Chapter 19

2.5K 362 98
                                    

"Ngapain kau di situ? Kesurupan ya?"

Sicheng menegur sosok pemuda yang termangu mengadap pintu lipat yang terbuka ke taman. Jarum jam sudah menunjuk pukul sebelas malam, ia tidak menduga akan menemukan sepupunya dalam keadaan mengenaskan saat ia hendak mengambil air di dapur. Orang waras mana yang duduk di sofa menghadap pintu yang dibiarkan terbuka di bulan Januari?

Renjun mendelik sinis pada Sicheng sekilas sebelum beranjak menutup pintu. Setelah dipikir-pikir, membiarkan dirinya terpapar udara dingin juga bukan hal yang bagus. Ia menatap Sicheng sekali lagi, cukup lama dengan raut wajah menimang-nimang, tapi ia tidak berkata apapun sebelum berbalik memunggungi Sicheng dan berlalu ke kamar.

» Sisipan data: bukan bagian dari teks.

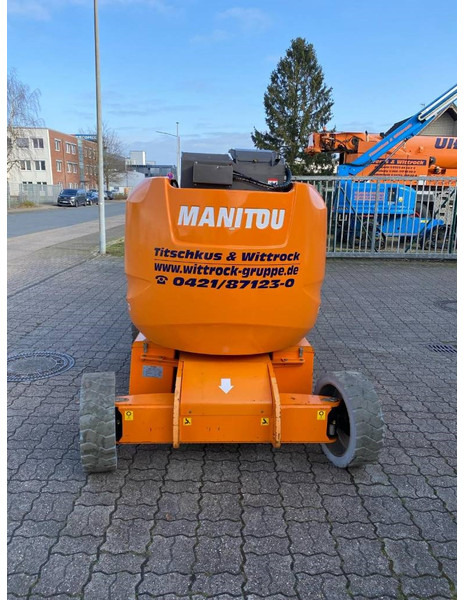 Manitou 170AETJ-L - رافعات سلة مفصلية: صور 2 Manitou 170AETJ-L - رافعات سلة مفصلية: صور 2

Melihat tingkahnya yang aneh membuat Sicheng mengernyitkan alisnya. Biasanya Renjun akan balas berkata pedas padanya atau paling tidak melempar benda terdekat ke arahnya. Respon Renjun barusan jelas di luar ekspektasinya.

π

"Oi."

Mendengar suara rendah di ambang pintu kamar membuat Renjun melempar ujung selimut menutupi kepala dengan gerakan kasar. Matanya ia pejamkan seerat mungkin sembari merapal doa agar Sicheng pergi jauh-jauh dari sarang pribadinya. Melihat kekeraskepalaan Renjun, Sicheng hanya berdecak malas sebelum melangkah masuk tanpa diundang.

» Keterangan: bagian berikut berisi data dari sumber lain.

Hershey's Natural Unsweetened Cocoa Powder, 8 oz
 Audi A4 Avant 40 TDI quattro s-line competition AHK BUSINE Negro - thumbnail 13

"Geser sedikit, jangan serakah," dengan santai Sicheng menyibak selimut bergambar Moomin dan mendorong Renjun ke pinggir kasur―Renjun nyaris mengumpat karena perlakuan semena-mena Sicheng nyaris membuat jidatnya membentur dinding.

"Gege, berhenti menginvasi kamar orang dan kembali ke kamarmu." Renjun merutuk sambil berusaha membenahi selimut yang kini terpaksa dibagi dua dengan Sicheng.

"Jangan banyak gaya. Kau nggak protes waktu Mark menyelinap ke sini berkali-kali."

Jantung Renjun mencelos mendengar nama laki-laki yang lebih tua beberapa tahun darinya itu. "Itu hanya terjadi sekali."

Renjun bukannya membenci Sicheng―sungguh. Dia merasa bersyukur mempunyai figur kakak yang membimbingnya di negara asing pada tahun-tahun pertamanya di Korea, saat kosakata yang dikuasainya hanya cukup untuk memperkenalkan diri.

Dia sendiri tidak yakin kapan hubungannya mulai sedikit canggung. Mungkin karena sudah lama ia tidak berbicara berdua saja dengan Sicheng―kebanyakan pembicaraan mereka berakhir dengan pertengkaran. Atau mungkin itu semua berawal dari Renjun yang menjaga jarak dari laki-laki jangkung itu karena sikapnya yang lebih sering terlalu protektif.

Jadi mendapati dirinya berbaring dengan jarak kurang dari satu kaki seperti ini rasanya sangat aneh dan canggung. Dia tidak tahu apa motivasi Sicheng tiba-tiba bersikap seperti ini, sementara pikirannya yang lain sibuk menyaring kosa kata yang tidak akan menimbulkan peperangan verbal di tengah malam.

"Hei, dengar―aku hanya akan mengucapkannya sekali ini." lamunan Renjun dibuyarkan oleh suara Sicheng dari samping. Ia melirik dari sudut mata, mendapati Sicheng masih menatap lurus ke depan. Apa dia benar-benar berbicara padanya atau pada tembok?

"Mungkin aku bersikap keterlaluan selama ini tapi mengingat apa yang terjadi denganmu dan Jeno, kau tidak bisa mengharapkanku bersikap biasa saja saat ada orang yang mendekatimu."

Kenapa Scheng memutuskan untuk menyeret-nyeret nama Jeno, Renjun tidak tahu. Tapi kini telinganya sepenuhnya terbuka dan terfokus pada tiap kata yang hendak dikeluarkan Sicheng. Apapun.

"Itu disebut insting seorang kakak, tahu? Kau mungkin tidak melihatnya tapi aku bisa membedakan mana yang hanya ingin berteman dan mana yang punya niat lebih―orang lain juga pasti melihatnya, kau saja yang mendadak buta."